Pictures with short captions
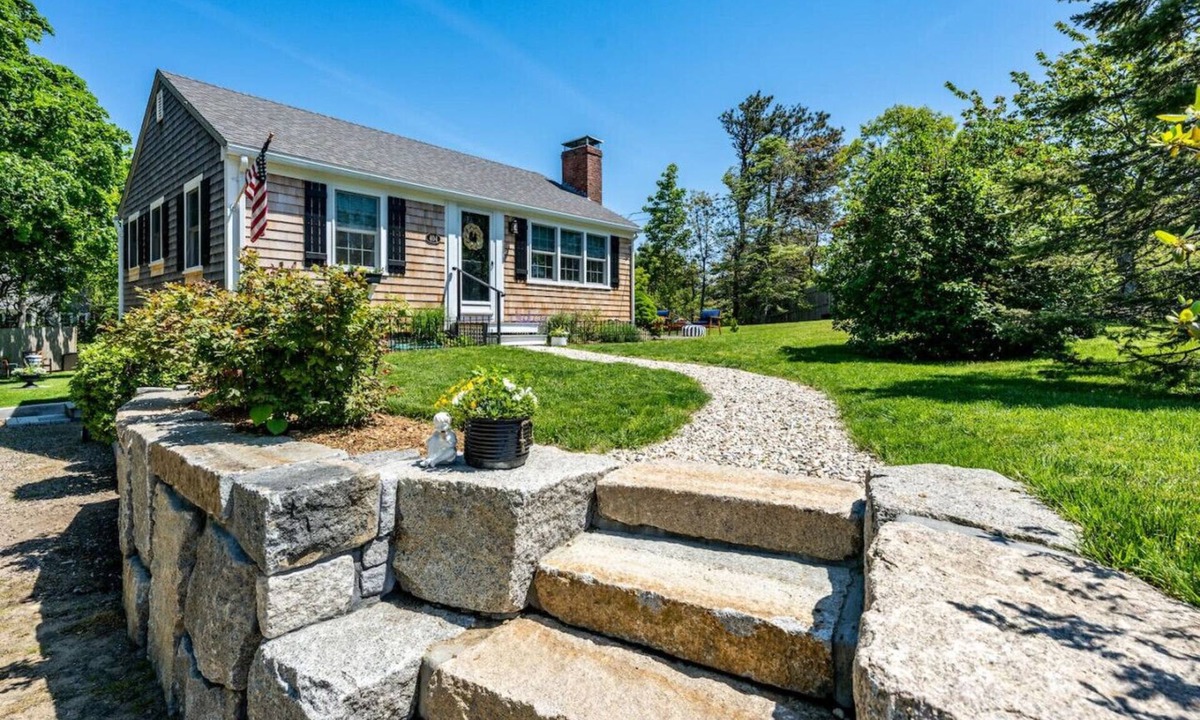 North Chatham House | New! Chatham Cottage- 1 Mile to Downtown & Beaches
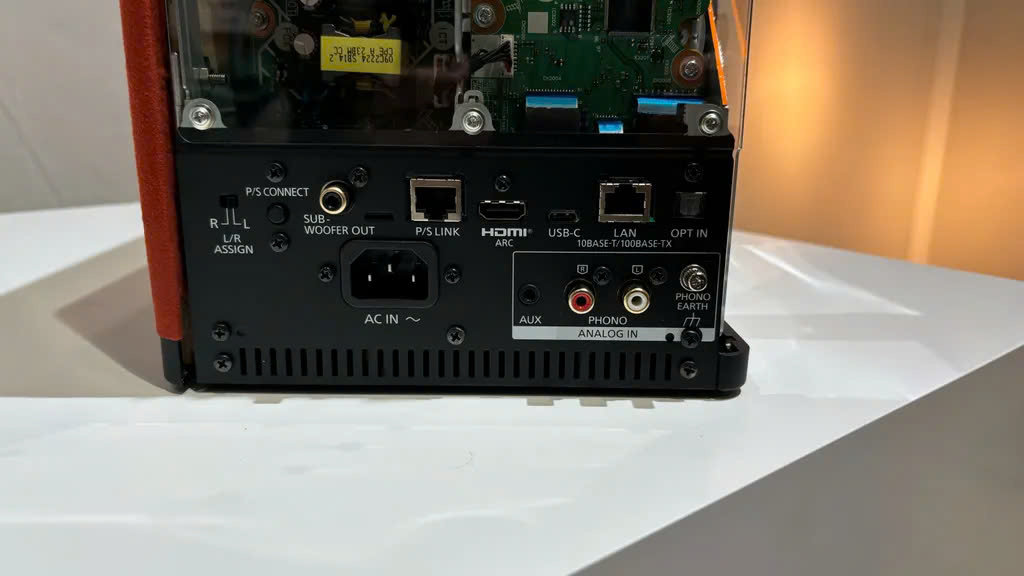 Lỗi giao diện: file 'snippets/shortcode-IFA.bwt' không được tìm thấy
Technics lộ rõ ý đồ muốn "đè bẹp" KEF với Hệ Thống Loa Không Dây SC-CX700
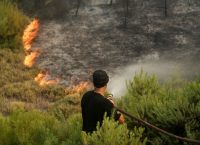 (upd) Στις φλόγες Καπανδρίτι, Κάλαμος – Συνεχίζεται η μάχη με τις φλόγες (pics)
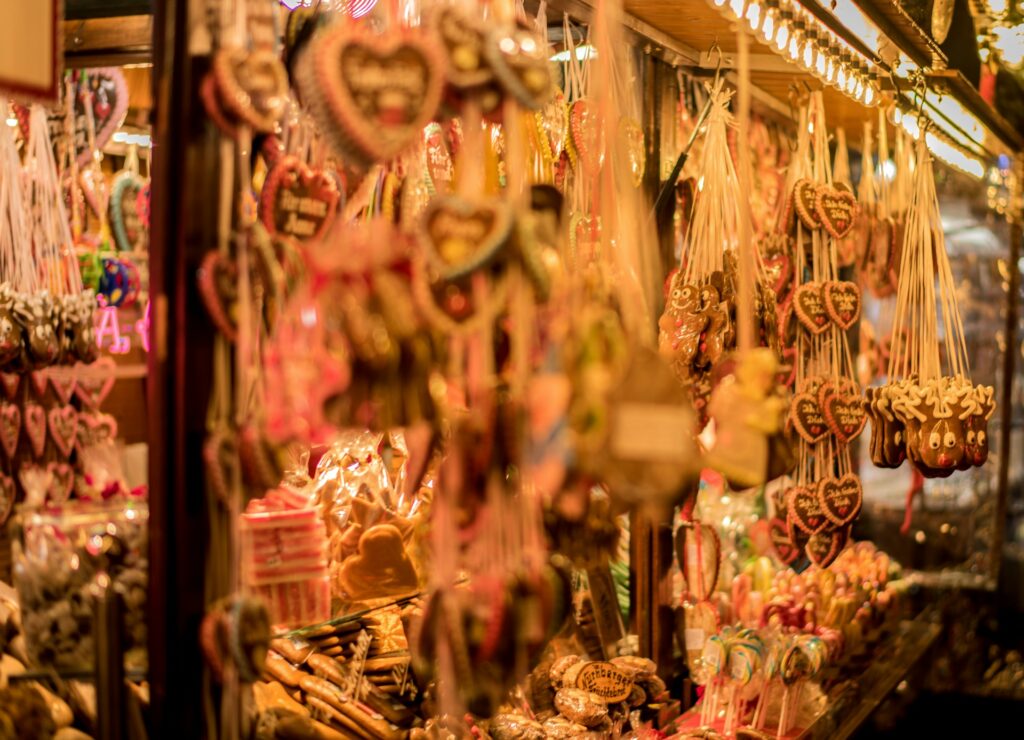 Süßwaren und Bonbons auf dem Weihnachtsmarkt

WHAT THE EXERCISE ASKS
Every line from the one containing "(upd) Στις φλόγες" through the last line of the data is to be retyped exactly, with nothing added and no pictures included.

REPLY
 (upd) Στις φλόγες Καπανδρίτι, Κάλαμος – Συνεχίζεται η μάχη με τις φλόγες (pics)
 Süßwaren und Bonbons auf dem Weihnachtsmarkt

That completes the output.